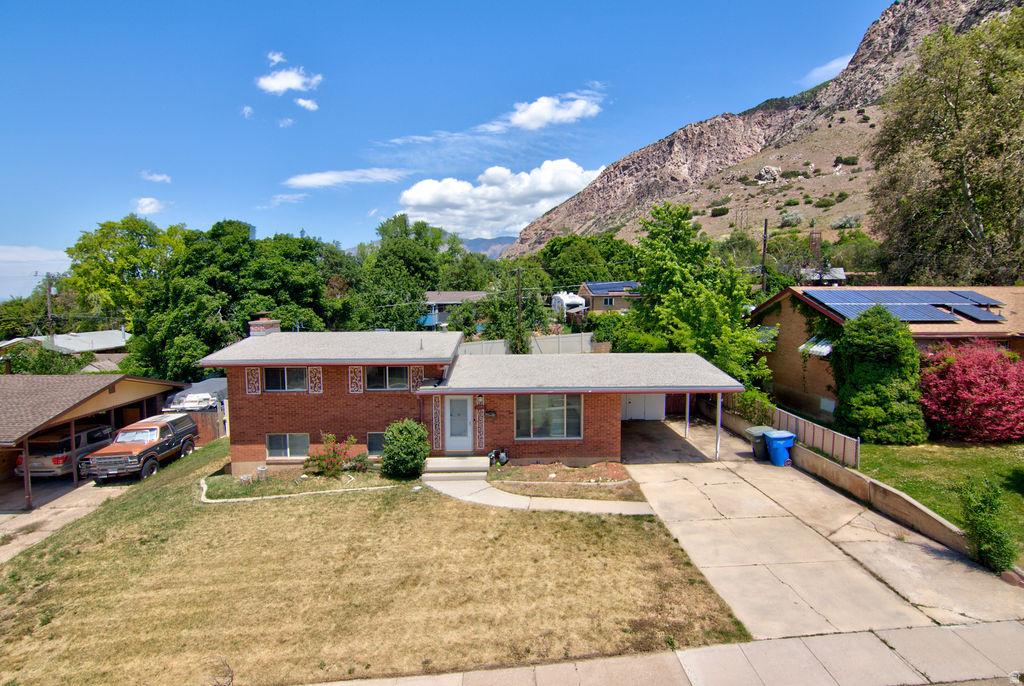 Great tri-level home in a great location! Large back yard with covered patio, walk-out basement and mountain views. Covered carport with storage sheds and side entry door to home.  2 large family rooms, neutral paint, and remodeled kitchen. This homes a large kitchen with stainless steel appliances, tile backsplash, tile flooring and painted cabinetry. Tons of storage in unfinished basement area.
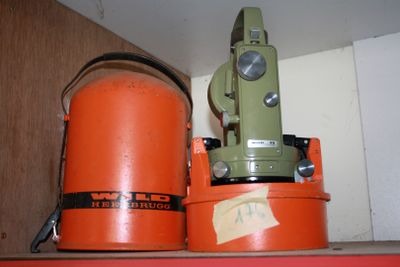 two orange buckets sitting on top of a shelf next to a green machine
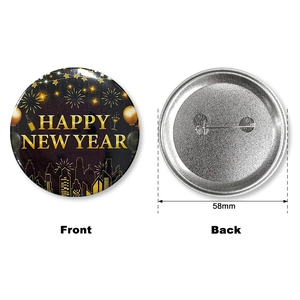 Front and back detail of a 58mm Black Gold Happy New Year tinplate badge with pin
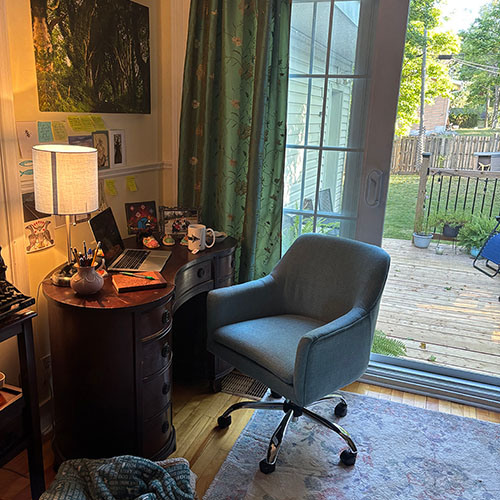 A grey office chair is positioned in front of an antique desk with a laptop and a cup on it. The desk is also adorned with a picture and a lamp. Through a sliding patio door the room opens into a large green yard. Some potted plants can be seen on the edge of the deck by the railing.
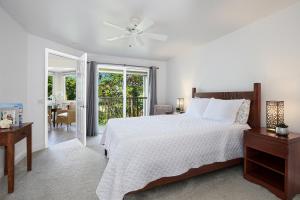a white bedroom with a bed and a table at Villas of Kamalii #35 in Princeville +4 photos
==============================
* **Brief**:
Where the line containing "Front and back" appears, begin writing out the lines exactly, and continue through the end of the material above, omitting pictures.

* **Output of the exercise**:
 Front and back detail of a 58mm Black Gold Happy New Year tinplate badge with pin
 A grey office chair is positioned in front of an antique desk with a laptop and a cup on it. The desk is also adorned with a picture and a lamp. Through a sliding patio door the room opens into a large green yard. Some potted plants can be seen on the edge of the deck by the railing.
a white bedroom with a bed and a table at Villas of Kamalii #35 in Princeville +4 photos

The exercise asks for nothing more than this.